**Your assignment**
The output is the lines below from the one with "HERMES 18K白金Finesse Bracelet手鏈-8" through the one with "BLACK RING CIRCLE - DOUBLE U FRENK", both included, printed exactly and with no other line.

———

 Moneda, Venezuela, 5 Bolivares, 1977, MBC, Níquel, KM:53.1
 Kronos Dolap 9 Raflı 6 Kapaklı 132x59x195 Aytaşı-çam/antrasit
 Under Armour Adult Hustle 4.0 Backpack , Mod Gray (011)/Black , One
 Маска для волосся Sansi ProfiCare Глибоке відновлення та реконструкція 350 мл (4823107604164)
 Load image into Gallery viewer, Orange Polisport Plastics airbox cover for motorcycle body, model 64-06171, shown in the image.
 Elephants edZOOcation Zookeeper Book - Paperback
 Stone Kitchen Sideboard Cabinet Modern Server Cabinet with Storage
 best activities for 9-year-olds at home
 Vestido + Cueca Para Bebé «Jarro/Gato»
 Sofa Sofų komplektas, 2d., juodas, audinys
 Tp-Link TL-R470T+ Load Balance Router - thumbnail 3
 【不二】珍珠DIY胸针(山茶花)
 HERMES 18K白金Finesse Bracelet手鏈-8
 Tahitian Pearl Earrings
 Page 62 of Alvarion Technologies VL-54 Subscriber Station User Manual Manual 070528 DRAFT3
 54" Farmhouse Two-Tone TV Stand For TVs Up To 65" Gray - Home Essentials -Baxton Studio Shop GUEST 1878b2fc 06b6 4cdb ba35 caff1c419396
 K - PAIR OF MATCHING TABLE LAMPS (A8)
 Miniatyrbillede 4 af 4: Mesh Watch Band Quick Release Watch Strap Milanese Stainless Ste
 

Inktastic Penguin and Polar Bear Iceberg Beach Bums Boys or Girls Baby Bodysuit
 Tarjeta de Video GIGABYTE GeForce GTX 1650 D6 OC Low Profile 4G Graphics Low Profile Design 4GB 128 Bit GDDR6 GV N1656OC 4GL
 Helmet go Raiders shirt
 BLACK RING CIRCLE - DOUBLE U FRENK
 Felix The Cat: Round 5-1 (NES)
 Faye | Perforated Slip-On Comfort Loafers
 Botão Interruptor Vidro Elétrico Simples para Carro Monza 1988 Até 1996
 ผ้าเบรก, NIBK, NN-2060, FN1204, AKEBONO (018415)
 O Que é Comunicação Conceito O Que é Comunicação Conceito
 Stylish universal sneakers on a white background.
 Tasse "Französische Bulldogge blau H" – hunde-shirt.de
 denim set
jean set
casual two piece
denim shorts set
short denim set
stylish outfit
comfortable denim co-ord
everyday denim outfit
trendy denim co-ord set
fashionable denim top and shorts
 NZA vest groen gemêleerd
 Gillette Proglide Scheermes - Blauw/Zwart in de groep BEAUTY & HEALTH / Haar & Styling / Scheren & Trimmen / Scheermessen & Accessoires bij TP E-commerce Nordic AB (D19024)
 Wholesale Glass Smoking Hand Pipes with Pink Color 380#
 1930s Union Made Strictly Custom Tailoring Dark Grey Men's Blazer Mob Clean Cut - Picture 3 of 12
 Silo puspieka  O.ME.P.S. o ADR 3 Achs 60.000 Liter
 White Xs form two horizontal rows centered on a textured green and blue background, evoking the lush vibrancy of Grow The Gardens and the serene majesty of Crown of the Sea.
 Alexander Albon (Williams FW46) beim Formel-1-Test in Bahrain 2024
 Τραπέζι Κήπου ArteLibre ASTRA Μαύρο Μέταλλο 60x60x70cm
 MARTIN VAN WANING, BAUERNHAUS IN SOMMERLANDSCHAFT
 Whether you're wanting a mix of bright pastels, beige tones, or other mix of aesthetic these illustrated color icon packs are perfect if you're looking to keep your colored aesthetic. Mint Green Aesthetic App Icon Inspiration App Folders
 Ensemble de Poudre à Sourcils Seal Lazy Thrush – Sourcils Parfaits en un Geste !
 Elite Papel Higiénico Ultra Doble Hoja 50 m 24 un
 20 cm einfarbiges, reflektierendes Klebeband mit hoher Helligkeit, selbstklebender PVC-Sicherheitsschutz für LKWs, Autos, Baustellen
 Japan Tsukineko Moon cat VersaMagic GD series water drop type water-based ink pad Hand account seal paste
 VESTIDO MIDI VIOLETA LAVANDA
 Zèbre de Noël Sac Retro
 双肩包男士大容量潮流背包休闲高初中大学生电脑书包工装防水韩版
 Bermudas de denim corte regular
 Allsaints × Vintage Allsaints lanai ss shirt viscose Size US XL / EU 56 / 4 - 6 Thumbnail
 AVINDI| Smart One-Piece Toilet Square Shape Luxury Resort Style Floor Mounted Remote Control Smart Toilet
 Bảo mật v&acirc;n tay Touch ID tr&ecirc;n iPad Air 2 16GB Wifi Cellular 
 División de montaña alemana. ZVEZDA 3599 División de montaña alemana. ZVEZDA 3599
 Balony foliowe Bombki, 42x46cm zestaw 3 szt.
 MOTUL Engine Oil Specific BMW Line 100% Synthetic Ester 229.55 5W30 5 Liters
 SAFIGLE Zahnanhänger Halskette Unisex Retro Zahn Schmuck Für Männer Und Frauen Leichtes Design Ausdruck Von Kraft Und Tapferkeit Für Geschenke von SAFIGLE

———

**Result of the exercise**
 HERMES 18K白金Finesse Bracelet手鏈-8
 Tahitian Pearl Earrings
 Page 62 of Alvarion Technologies VL-54 Subscriber Station User Manual Manual 070528 DRAFT3
 54" Farmhouse Two-Tone TV Stand For TVs Up To 65" Gray - Home Essentials -Baxton Studio Shop GUEST 1878b2fc 06b6 4cdb ba35 caff1c419396
 K - PAIR OF MATCHING TABLE LAMPS (A8)
 Miniatyrbillede 4 af 4: Mesh Watch Band Quick Release Watch Strap Milanese Stainless Ste
 

Inktastic Penguin and Polar Bear Iceberg Beach Bums Boys or Girls Baby Bodysuit
 Tarjeta de Video GIGABYTE GeForce GTX 1650 D6 OC Low Profile 4G Graphics Low Profile Design 4GB 128 Bit GDDR6 GV N1656OC 4GL
 Helmet go Raiders shirt
 BLACK RING CIRCLE - DOUBLE U FRENK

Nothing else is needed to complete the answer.